The data is to be repeated exactly, with the images removed.

COLLECTED DATA
┄┄┄┄┄┄┄┄┄┄
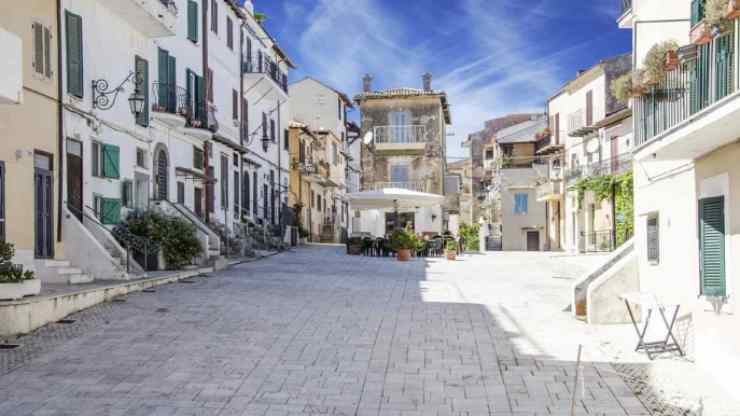 il-bellissimo-borgo-sul-mare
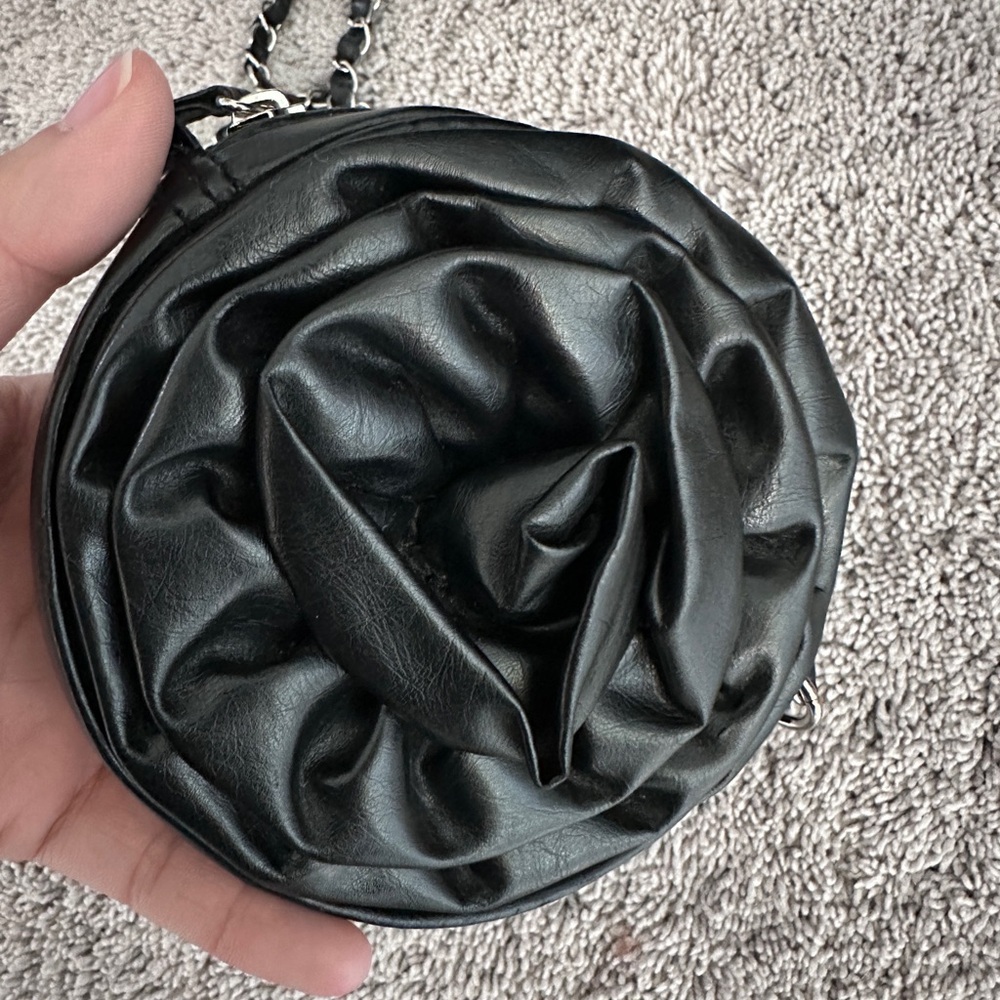 Black flower shape cross shoulder bag evening bag chain belt Fashion Expresss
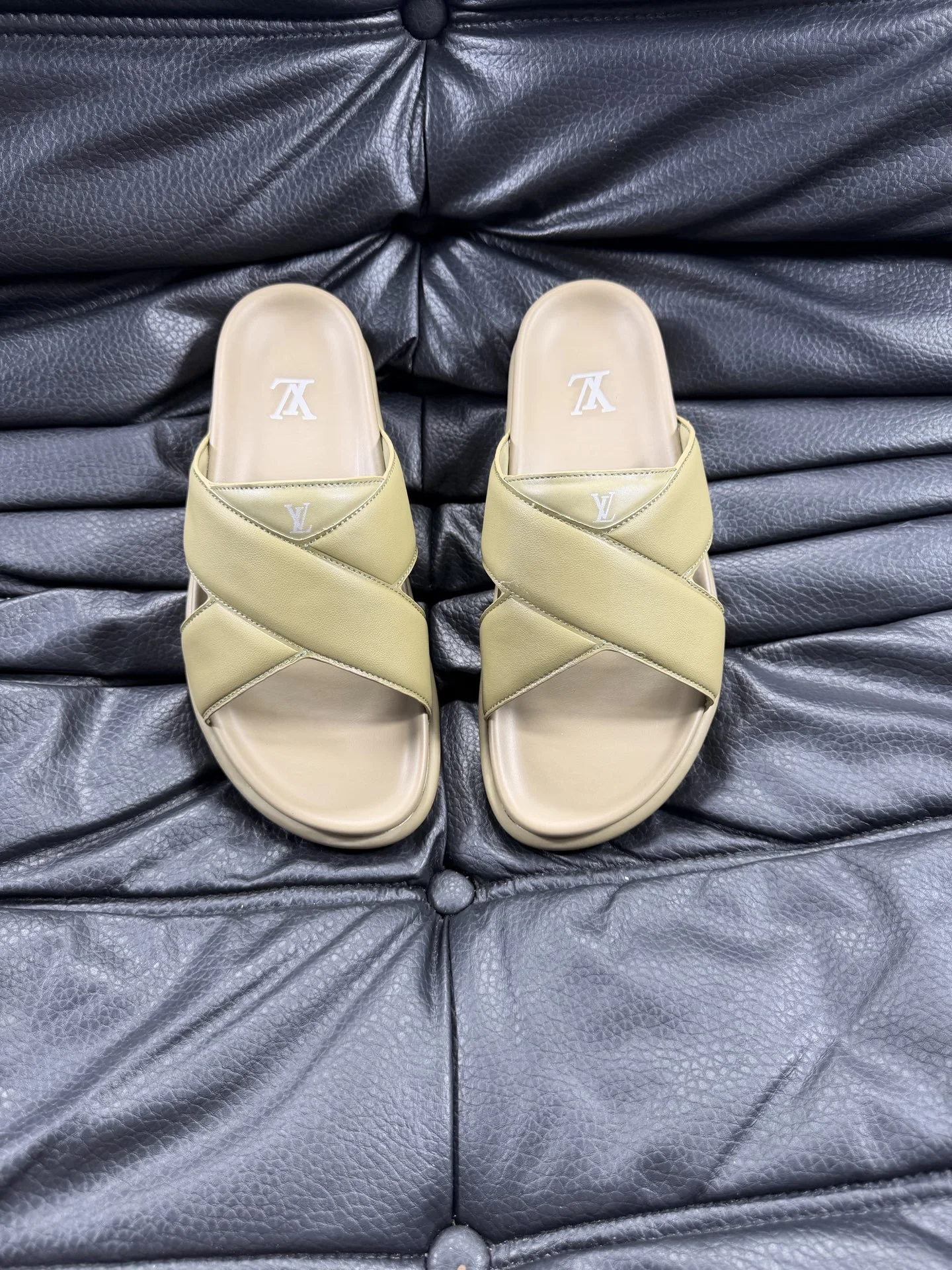 Louis Vuitton Slippers — 48b32f86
┄┄┄┄┄┄┄┄┄┄
FINISHED TASK
 il-bellissimo-borgo-sul-mare
 Black flower shape cross shoulder bag evening bag chain belt Fashion Expresss
 Louis Vuitton Slippers — 48b32f86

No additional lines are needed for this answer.